Additionally, put(v) is always well defined. When it fails (for example when there is no more space left in the container), an exception will be thrown. The type of exception that is thrown depends on the particular range and the backing container. When the container is unbounded, it might also never throw. Either way, the range type is required to properly specify its behavior. Throwing a custom exception type is a good thing because it lets algorithms put(v) into ranges without checking and if an error happens and the exception propagates, the user can check it simply as if it were an exception thrown from the container. This makes output ranges easy to work with, in many cases it would be otherwise very difficult to handle the errors. Also, it makes it easy to never have to handle any errors, simply by using output ranges backed by unbounded containers, for example ostd::appender_range.

Forward ranges

Forward ranges extend input ranges. Their category tag type is obviously ostd::forward_range_tag. They don't really extend the interface at all compared to plain input ranges. What they do instead is provide an extra guarantee - all copies of forward ranges have their own state, which means changes done in one forward range will never reflect in the other forward ranges, even if they're copies of the range. That makes forward ranges suitable for multi-pass algorithms, unlike plain input ranges.

Bidirectional ranges

Bidirectional ranges extend forward ranges. Their category tag type is again pretty obvious, ostd::bidirectional_range_tag. They introduce some new methods the type has to satisfy to qualify as a bidirectional range.

void pop_back();
reference back() const;

Bidirectional ranges are accessible from both sides. Therefore, the new methods allow you to pop out an item on the other side as well as retrieve it. The actual behavior of those methods is exactly the same, besides that they work on the other side of the range.

range_size_t<my_range> range_pop_back_n(my_range &range, range_size_t<my_range> n);

Obviously, as you could implement this optional standalone method previously for the front part of the range, you can now implement it for the back. The details for the default implementation are the same; it uses slicing for ranges that support it and otherwise just a simple loop.

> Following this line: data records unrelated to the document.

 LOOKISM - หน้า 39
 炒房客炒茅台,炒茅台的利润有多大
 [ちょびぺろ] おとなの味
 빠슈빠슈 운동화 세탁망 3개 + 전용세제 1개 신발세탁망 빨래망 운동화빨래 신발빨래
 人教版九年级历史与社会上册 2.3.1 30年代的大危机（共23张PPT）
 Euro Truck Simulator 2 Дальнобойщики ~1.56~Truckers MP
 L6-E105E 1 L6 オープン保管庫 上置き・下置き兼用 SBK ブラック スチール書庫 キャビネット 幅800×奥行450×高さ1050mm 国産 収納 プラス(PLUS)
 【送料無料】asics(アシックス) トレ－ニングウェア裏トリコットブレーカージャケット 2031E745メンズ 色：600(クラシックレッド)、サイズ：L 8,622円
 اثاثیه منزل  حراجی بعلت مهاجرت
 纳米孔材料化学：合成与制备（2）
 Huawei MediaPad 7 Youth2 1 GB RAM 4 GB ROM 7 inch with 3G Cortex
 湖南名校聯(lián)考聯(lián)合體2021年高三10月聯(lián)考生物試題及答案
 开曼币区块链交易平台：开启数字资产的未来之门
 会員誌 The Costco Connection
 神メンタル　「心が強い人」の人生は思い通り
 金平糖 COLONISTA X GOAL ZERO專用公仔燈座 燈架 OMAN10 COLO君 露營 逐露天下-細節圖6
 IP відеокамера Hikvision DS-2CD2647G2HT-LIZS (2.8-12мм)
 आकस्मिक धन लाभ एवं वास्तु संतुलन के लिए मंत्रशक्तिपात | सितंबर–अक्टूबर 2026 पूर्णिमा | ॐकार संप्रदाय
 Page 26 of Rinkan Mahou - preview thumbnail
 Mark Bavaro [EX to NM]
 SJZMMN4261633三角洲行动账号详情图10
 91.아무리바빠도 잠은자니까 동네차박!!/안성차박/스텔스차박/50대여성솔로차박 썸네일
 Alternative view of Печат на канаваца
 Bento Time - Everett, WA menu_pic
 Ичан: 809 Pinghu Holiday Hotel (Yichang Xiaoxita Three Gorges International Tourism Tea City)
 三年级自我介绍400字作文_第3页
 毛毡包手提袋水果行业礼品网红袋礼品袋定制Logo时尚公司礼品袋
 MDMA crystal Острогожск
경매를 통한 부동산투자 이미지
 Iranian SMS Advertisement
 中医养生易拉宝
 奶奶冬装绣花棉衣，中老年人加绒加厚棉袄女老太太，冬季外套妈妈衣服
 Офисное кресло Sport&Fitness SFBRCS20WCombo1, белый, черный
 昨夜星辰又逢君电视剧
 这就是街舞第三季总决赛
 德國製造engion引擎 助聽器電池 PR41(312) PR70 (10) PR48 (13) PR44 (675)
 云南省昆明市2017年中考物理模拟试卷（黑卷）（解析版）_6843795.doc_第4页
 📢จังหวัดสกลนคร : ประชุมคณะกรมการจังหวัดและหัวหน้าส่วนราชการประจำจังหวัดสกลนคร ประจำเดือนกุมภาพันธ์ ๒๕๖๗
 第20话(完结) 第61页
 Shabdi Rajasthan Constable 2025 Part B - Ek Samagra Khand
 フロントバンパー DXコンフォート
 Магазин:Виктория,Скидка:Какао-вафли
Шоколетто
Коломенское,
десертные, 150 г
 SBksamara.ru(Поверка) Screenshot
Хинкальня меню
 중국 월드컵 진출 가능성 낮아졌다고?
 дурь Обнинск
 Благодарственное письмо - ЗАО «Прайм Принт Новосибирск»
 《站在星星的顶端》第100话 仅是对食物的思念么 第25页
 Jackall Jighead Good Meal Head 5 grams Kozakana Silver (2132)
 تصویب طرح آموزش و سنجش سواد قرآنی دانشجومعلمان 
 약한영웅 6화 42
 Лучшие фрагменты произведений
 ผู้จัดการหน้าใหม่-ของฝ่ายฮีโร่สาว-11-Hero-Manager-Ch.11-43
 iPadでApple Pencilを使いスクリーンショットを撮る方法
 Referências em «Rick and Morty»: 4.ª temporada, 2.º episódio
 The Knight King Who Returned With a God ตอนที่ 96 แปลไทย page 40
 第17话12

Infinite random access ranges

Infinite random access ranges are ranges that can be indexed at arbitrary points but do not have a known size. They extend bidirectional ranges, and their tag is ostd::random_access_range_tag. The interface extension is very simple:

reference operator[](size_type idx) const;

This does exactly what it looks like. When indexing ranges, the index has to be positive, hence size_type. It returns a reference, just like front or back accessors.

Finite random access ranges

Those extend infinite random access ranges. Their category tag is ostd::finite_random_access_range_tag (duh). They extend thee range interface some more.

size_type size() const;

You can check how many items are in a finite random access range. That's not the only thing, you can additionally slice them, with this method:

my_range slice(size_type start, size_type end) const;
my_range slice(size_type start) const;

Making a slice of a range means creating a new range that contains a subset of the original range's elements. The first provided argument is the first index included in the new range. The second argument is the index past the last index included in the range. Therefore, doing

r.slice(0, r.size());

returns the entire range, or well, a copy of it. Doing something like

r.slice(1, r.size() - 1);

will return a range that contains everything but the first or the last items, provided that the range contains at very least 2 items, otherwise the behavior is undefined.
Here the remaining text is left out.